Here’s a look at the history of the Cheetah, from her origins as a socialite wearing a cat costume to her modern interpretation as a half-cat, half-woman beast.
The Wonder Woman creator William Moulton Marston first introduced the Cheetah in 1943, with “Wonder Woman” No. 6. The original Cheetah is a wealthy socialite named Priscilla Rich who becomes intensely jealous of the attention Diana receives for her abilities. Her envy manifests into a split personality called the Cheetah. While she has no super powers of her own, Priscilla dons a cheetah costume and engages in a series of elaborate schemes to try to bring down her rival and ruin her reputation. Wonder Woman defeats her and uses her lasso of truth to uncover the Cheetah’s true identity, causing Priscilla to reveal her insecurities. Wonder Woman takes pity on her and allows her to stay as a captive of the Amazons to try to reform her ways.
Those rehabilitation efforts end up having mixed results, with Priscilla returning as the Cheetah several times over the next 40 years as Wonder Woman continued to offer her opportunities to redeem herself. Priscilla eventually retires from her Cheetah lifestyle and dies of an unspecified illness, with her niece Deborah briefly taking over the alter ego.
The New Cheetah
The writers George Pérez and Len Wein introduced a different version of the Cheetah in 1987 with “Wonder Woman” No. 7 (the series restarted from No. 1 earlier that year). Here, Barbara Minerva is a greedy and selfish archaeologist who forces an African tribe to perform a ritual on her, hoping it will give her immortality. Instead, she receives the ability to transform into the catlike Cheetah, gaining superhuman strength and speed; the ritual partially backfires, and her human form becomes frail and weak. As a result, she can only live up to her true potential as the Cheetah.

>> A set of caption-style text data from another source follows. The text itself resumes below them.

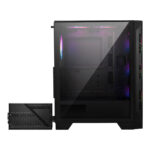 MSI MAG FORGE 120A B65 Temperli Cam 6 x120mm Auto RGB Fan 650W Bronz ATX Gaming - KAR60514 - Görsel 4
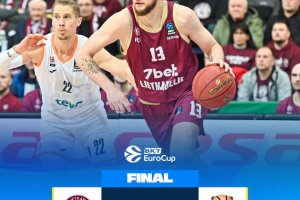 In un finale punto a punto il Lietkabelis batte in casa Ulm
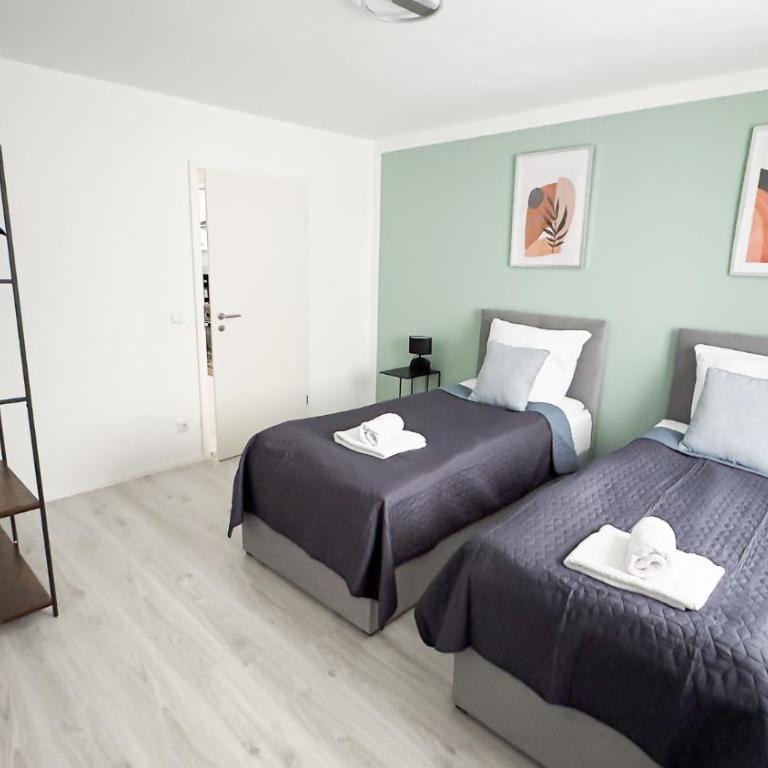 Nahe Rathaus & Dom - 1,5-, 2- oder 3 ZKB-Apartments im Zentrum - Apartamento de 3 dormitorios - 13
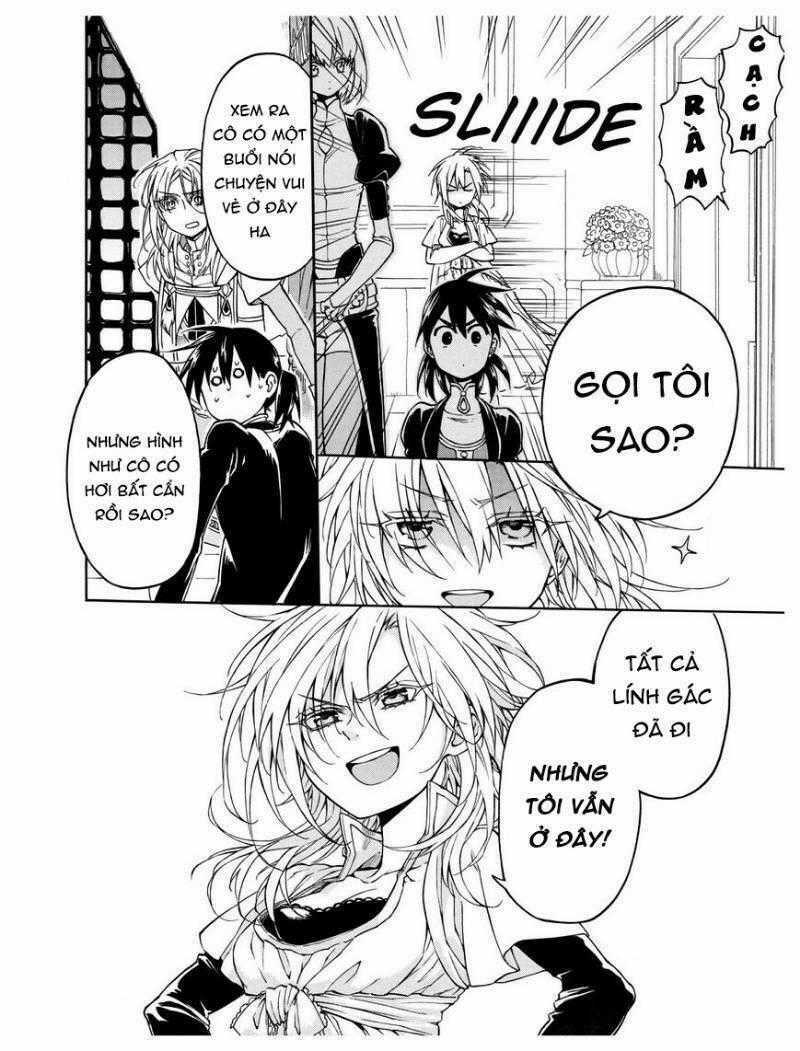 +a no Tachiichi Chapter 11 trang 24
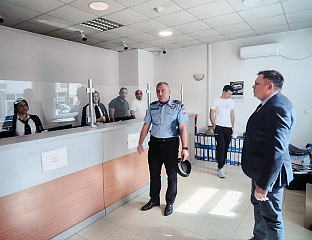 БУДИМИР: УНАПРИЈЕДИТИ РАД ПОЛИЦИЈЕ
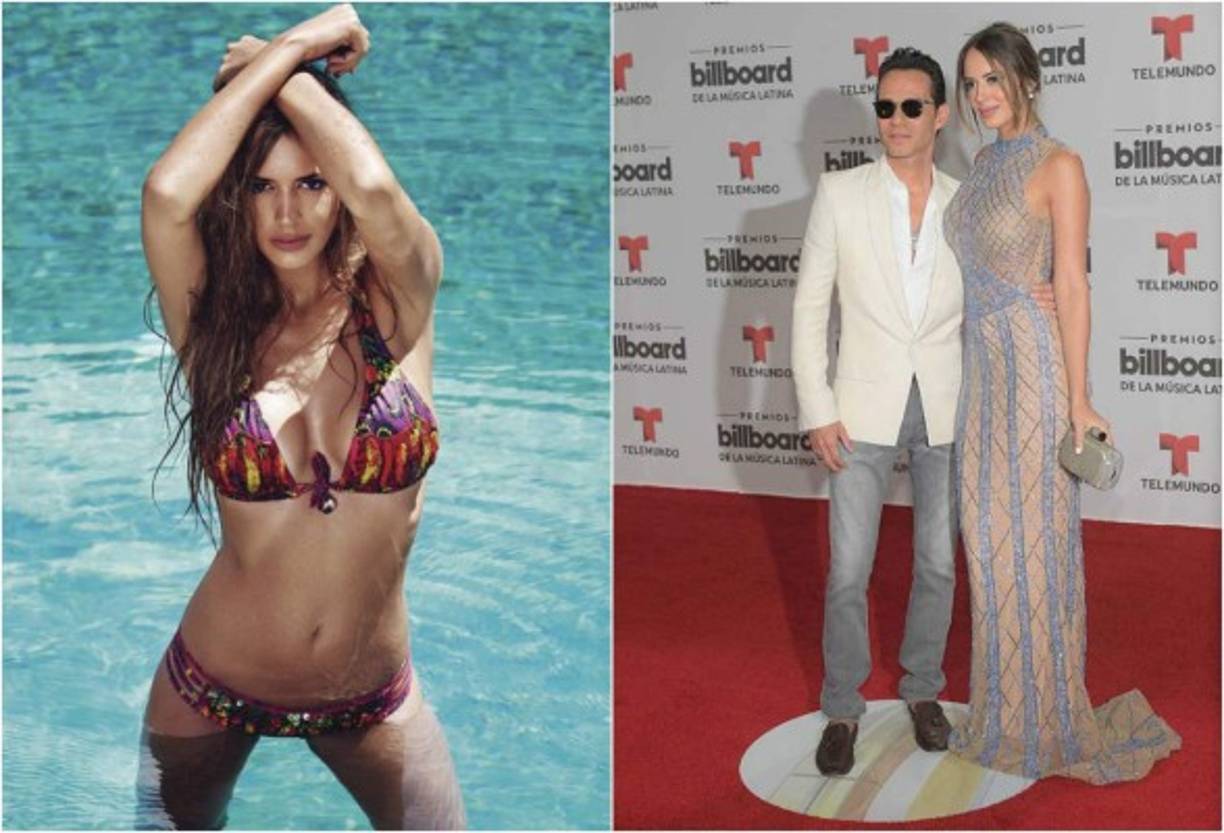 La separación de Marc Anthony y Shannon de Lima, después de dos años de matrimonio, fue confirmada en noviembre pasado por TMZ, después de múltiples rumores que afirmaban que la pareja tenía problemas.<br/><br/>La modelo es una de las mujeres más sensuales de Venezuela.<br/>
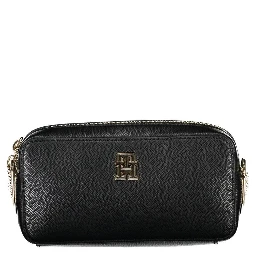 Black Polyethylene Handbag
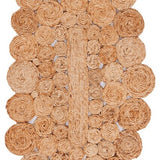 safavieh clearance natural fiber nf363a natural rug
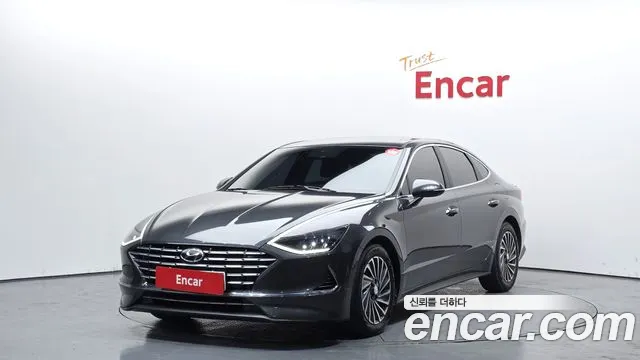 Hyundai Sonata Hybrid (DN8) Premium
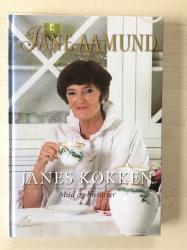 Billede af bogen Janes køkken - mad og historier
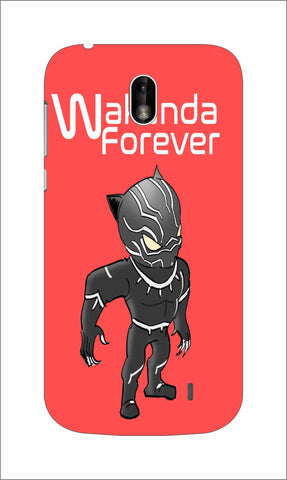 BLACK PANTHER NOKIA 1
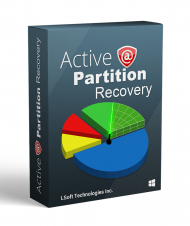 Active@ Partition Recovery Standard - Corporate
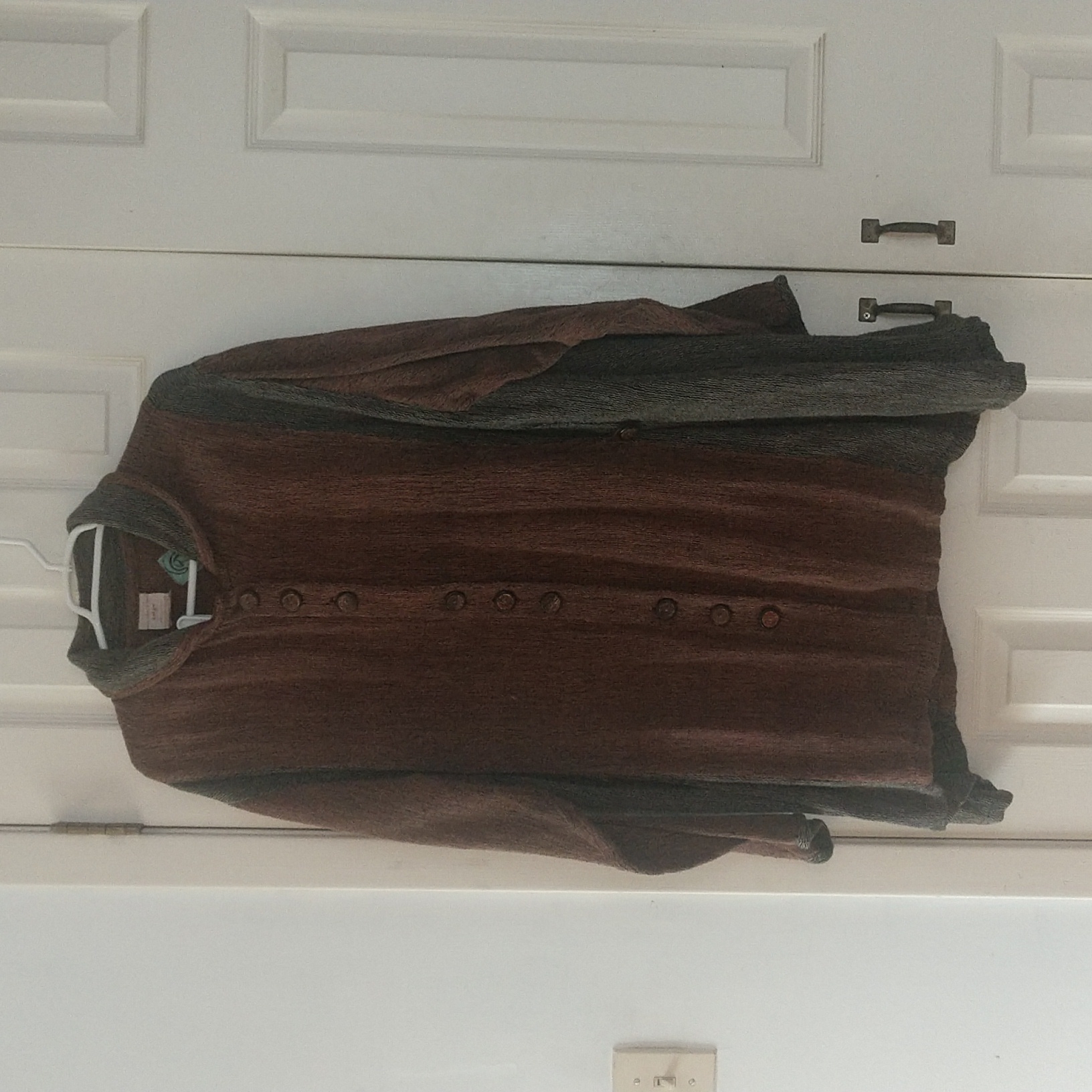 Hand-Loomed 3-Piece Jacket Pants And Skirt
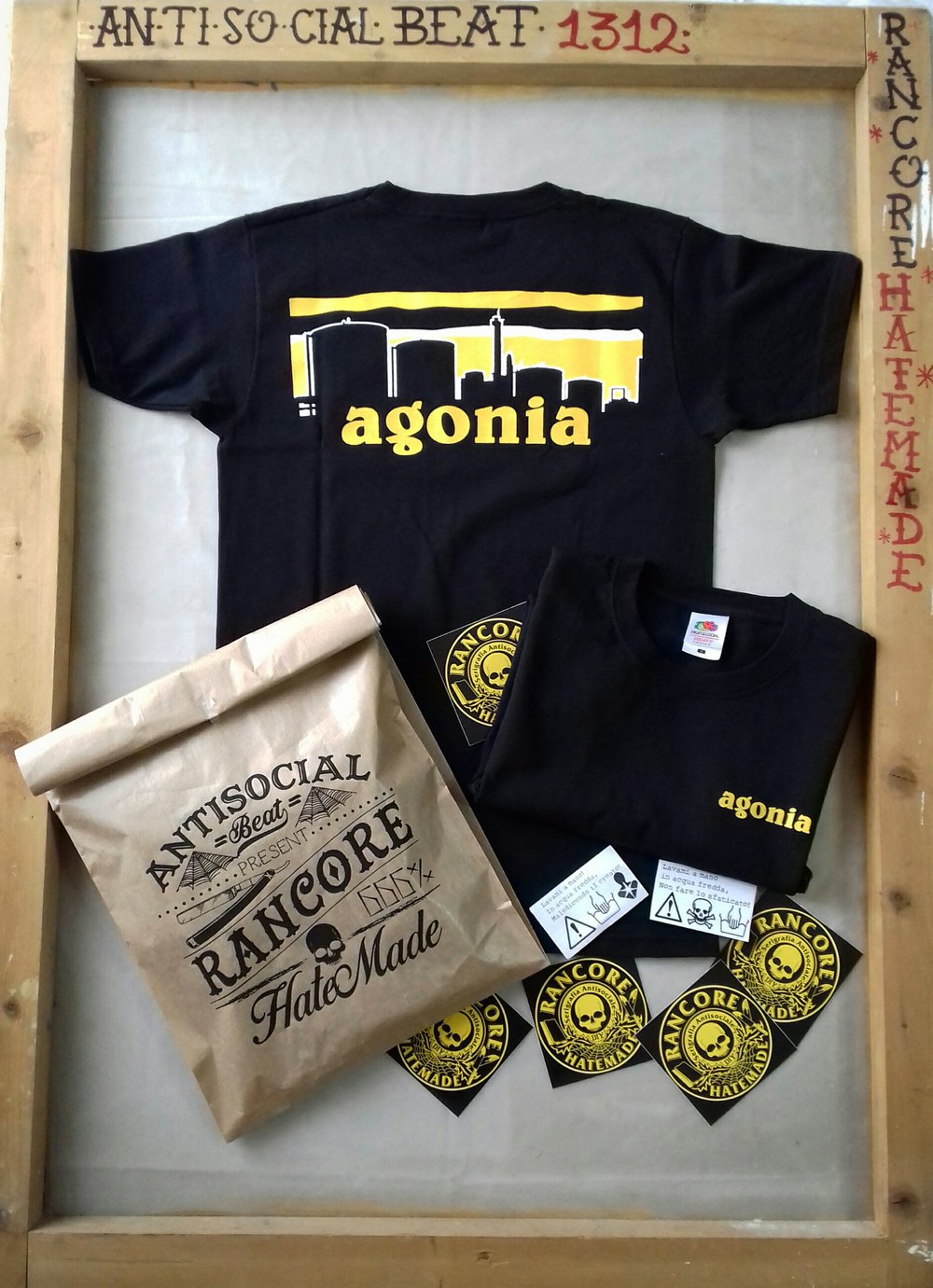 agonia T-Shirt
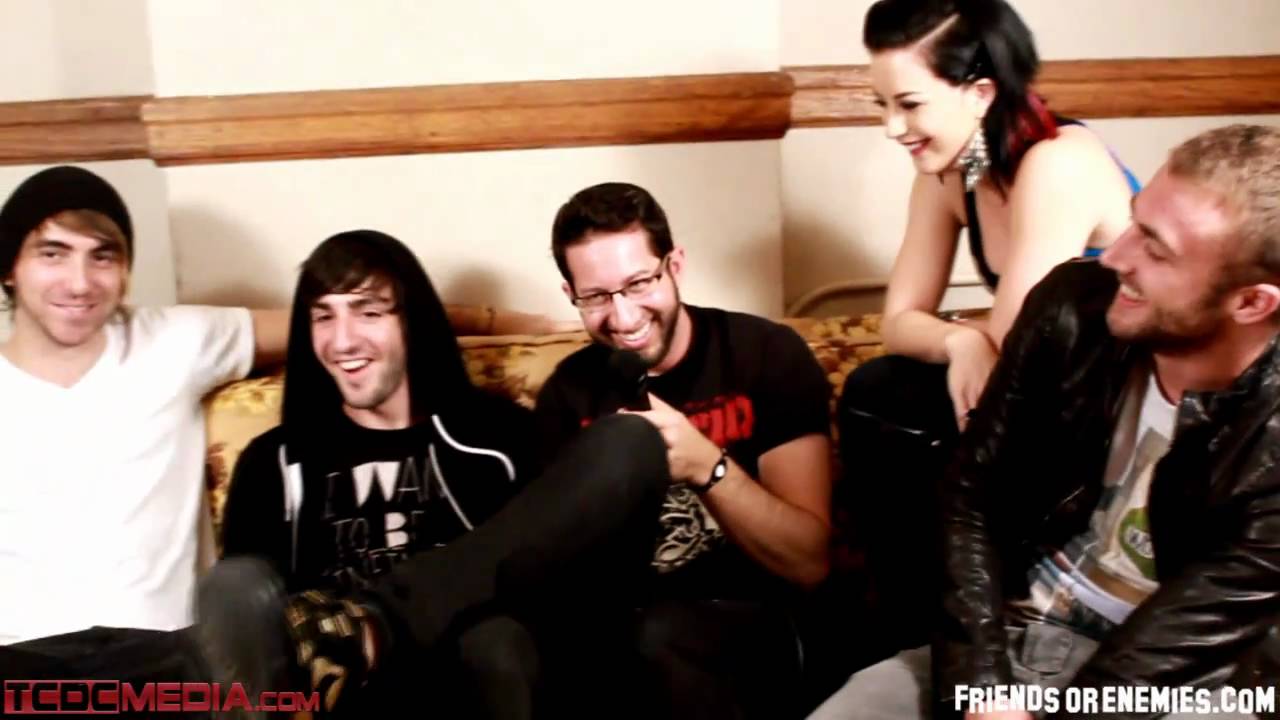 City (Comma) State Interviews All Time Low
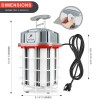 KUKUPPO 150W Led Temporary work light Construction Jobsite light 5000K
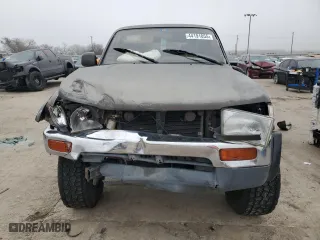 1998 Toyota 4Runner Limited with VIN JT3HN87R4W0187540, listed as a Copart auction lot 44191055 with 322,734 mi miles and Salvage Title. Bid and sale history available at carsss.com. Image 5.
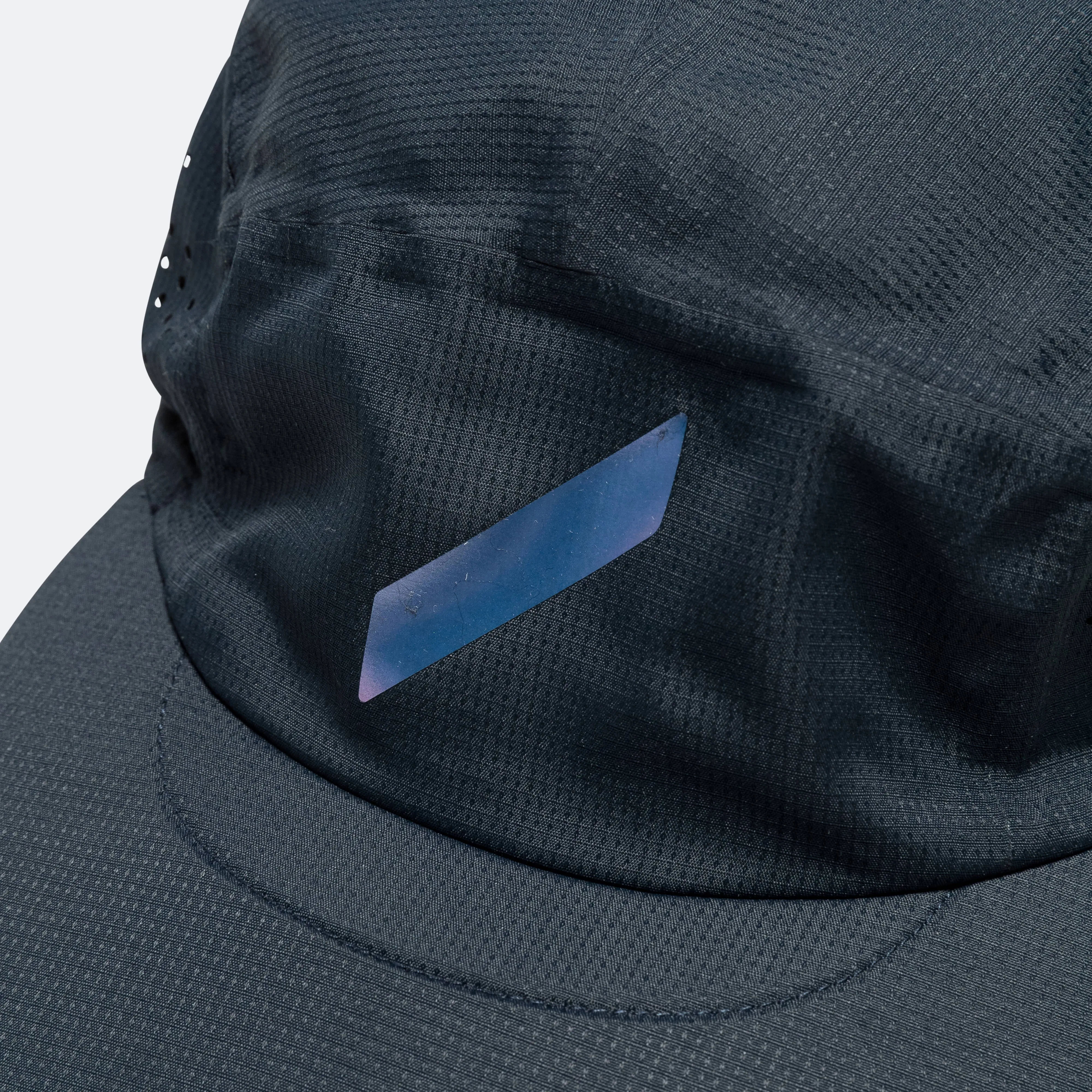 Run Cap - Navy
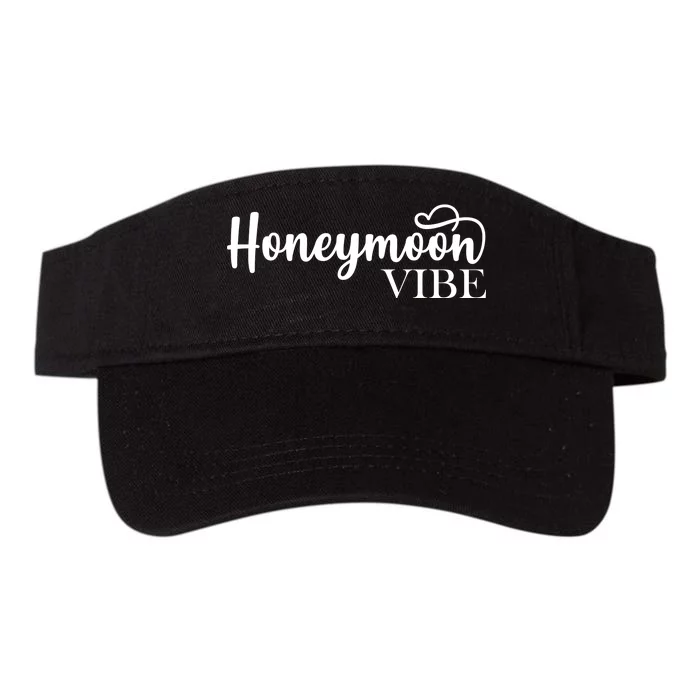 Honeymoon Vibe Valucap Bio-Washed Visor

Barbara is much less sympathetic than Priscilla, and she’s shown murdering people even before she turns into the Cheetah. She first encounters Wonder Woman while trying to steal her golden lasso. She presents herself as an ally to earn Wonder Woman’s trust, but her plot fails when holding the lasso of truth causes her to reveal her true intentions. She develops a growing hatred for Wonder Woman over the years, yet the Amazon Princess still often takes pity on Barbara, even saving her life when she’s in peril. The two share a degree of mutual respect, occasionally fighting together against a common enemy, though ultimately Barbara still harbors jealousy.
In 2016, Barbara received an updated back story from the writer Greg Rucka that made her Cheetah fate more tragic. In this version, Barbara is Diana’s friend, and is cursed by the plant god Urzkartaga during an ill-fated archaeological expedition. She becomes resentful of Diana for introducing her to the world of magic and gods, and dooming her to be a monster. While the previous iteration of Barbara was able to transform back into a human, this one is trapped in her Cheetah form. She and Wonder Woman eventually work together to kill Urzkartaga, and she returns to human, but her transformation is short-lived. She ultimately sacrifices herself to the curse once again and decides she’s better off as the Cheetah.